A number of articles from 2018 go by the title of The Roots of Russian Aggression, but let's take a closer look at the one in National Review by James Kirchick:
As U.S.–Russian relations reach a post–Cold War low, a growing number of observers have concluded that Western behavior, not Russian belligerence, ultimately lies at fault. According to this analysis, the United States and its European allies “humiliated” Russia by enlarging NATO, undertaking military action in the Balkans, extending trade and other forms of soft power to the former Eastern Bloc, and generally not affording Moscow the respect it supposedly deserved as a great (albeit territorially smaller and militarily weaker than it once was) power.
… So stubbornly is this historical narrative of Western arrogance and Russian innocence asserted that it has become impervious to all manner of Russian mischief, no matter how morally egregious or physically destructive. In 2014, after Russian president Vladimir Putin annexed the Crimean peninsula in the first armed seizure of territory on the European continent since World War II, former Soviet premier Mikhail Gorbachev denounced NATO “triumphalism” as the culprit, though the military alliance had expressly chosen not to offer Ukraine a pathway to membership at its 2008 Bucharest summit.

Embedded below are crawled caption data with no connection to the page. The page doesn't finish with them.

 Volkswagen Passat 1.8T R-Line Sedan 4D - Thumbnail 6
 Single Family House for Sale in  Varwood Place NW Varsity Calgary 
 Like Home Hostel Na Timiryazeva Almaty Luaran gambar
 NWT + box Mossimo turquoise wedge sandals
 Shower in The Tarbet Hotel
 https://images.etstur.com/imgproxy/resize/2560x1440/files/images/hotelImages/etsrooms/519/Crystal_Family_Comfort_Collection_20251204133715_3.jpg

… the Soviets and their allies taken by surprise when national independence movements referenced the [the Helsinki Final Act's] sovereignty provisions to expose the fundamental illegitimacy of the Warsaw Pact, all along a façade for Russian colonialism …
… The subject of NATO’s post–Cold War enlargement, and more specifically the false claim that Western leaders promised their Soviet counterparts that NATO would refrain from incorporating new members, has won credibility of late. Particularly after the Ukraine crisis, Russia’s Western sycophants, seeking to justify Putin’s aggression, trotted out the claim that NATO’s “encircling” of Russia had somehow forced Putin into invading his neighbors. It is remarkable how pervasive this narrative has become.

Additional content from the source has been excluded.